- 1161 Okunma
- 2 Yorum
- 0 Beğeni
Bir Şakaydı Ölüm
Öğle namazına müteakip kaldırıyoruz naşı efendim, ne düşünüyorsunuz dedi imam efendi,
Ama ilkönce selayı okumuş, sonrada halka bunu sormuştu minareden(aşağıdan yani) yukardan değil, çocukluğumda minareye çıkardı imamlar, minareden okuduklarında daha bir hissederdim tanrıyı içimde, işte derdim tanrının sesi. Arkadaşlarım kızardı sonra böyle söylediğim için, o tanrı değil, imam derlerdi. Ama içimde yer etmişti işte. Çocukluk gördüğü ve yaşadığı hiç bir şeyi unutmaz.

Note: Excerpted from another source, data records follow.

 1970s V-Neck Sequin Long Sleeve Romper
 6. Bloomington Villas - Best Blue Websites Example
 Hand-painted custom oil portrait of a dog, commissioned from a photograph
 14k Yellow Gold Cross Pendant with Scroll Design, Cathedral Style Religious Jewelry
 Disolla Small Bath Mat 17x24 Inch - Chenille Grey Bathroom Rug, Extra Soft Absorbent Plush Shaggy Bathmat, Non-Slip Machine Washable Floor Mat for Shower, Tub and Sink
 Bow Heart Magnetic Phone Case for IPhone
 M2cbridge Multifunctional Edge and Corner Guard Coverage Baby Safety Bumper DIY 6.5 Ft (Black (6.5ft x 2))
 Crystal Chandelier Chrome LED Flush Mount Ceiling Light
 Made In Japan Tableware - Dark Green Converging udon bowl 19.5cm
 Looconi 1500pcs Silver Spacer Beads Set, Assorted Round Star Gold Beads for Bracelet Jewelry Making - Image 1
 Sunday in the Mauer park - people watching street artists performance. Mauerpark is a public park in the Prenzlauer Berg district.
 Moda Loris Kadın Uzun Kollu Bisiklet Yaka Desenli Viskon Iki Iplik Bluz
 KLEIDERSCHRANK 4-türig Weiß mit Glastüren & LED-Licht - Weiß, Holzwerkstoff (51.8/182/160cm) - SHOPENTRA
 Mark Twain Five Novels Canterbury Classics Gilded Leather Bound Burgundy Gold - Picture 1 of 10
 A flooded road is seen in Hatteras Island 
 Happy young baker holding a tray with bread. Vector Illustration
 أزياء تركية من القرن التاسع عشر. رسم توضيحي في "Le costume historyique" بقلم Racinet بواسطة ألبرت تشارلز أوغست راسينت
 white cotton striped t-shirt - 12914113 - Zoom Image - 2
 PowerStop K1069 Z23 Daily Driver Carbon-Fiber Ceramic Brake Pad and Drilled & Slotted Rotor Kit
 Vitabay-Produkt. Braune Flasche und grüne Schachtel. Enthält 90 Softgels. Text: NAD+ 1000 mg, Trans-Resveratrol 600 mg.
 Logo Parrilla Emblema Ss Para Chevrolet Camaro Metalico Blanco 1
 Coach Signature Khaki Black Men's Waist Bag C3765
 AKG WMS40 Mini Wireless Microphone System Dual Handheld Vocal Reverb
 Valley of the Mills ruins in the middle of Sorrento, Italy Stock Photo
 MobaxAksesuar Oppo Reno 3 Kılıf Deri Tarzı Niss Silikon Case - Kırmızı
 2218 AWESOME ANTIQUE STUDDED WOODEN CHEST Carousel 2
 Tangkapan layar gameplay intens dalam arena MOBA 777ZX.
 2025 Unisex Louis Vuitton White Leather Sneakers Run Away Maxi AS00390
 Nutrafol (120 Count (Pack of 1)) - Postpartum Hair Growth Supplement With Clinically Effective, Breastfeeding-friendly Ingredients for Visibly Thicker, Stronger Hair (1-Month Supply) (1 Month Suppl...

Bir çocuk babasından yediği dayağı unutmaz, bir yerden düşüp bir tarafını kırdığını unutmaz. Her neyse bu bahsi kapatalım. İmam efendi öğle namazına müteakip kaldırıyoruz deyince, bütün insanların yüzünde bir şaşkınlık belirdi. Töbe töbe dediler yaşlı adamlar, insanlar evlerinin balkonundan çıkıp; bu imam kafayı yedi herhalde, naşı bize soruyor kaldıralım mı diye, siz ne düşünüyorsunuz diye bizim düşüncemizi öğrenmek istiyor. Çok tuhaf. Ya bu imam inançsız, ya da ölüyü başka bir şekilde bir şey yapmak istiyor herhalde. Ne olabilir ki. Herkesin kafasında bu soru işareti vardı. Ama sorunun cevabı imamdaydı. Kimse bir şey anlayamıyordu. İnsanlar evinden çıkıp camiye doğru yürümeye başladılar.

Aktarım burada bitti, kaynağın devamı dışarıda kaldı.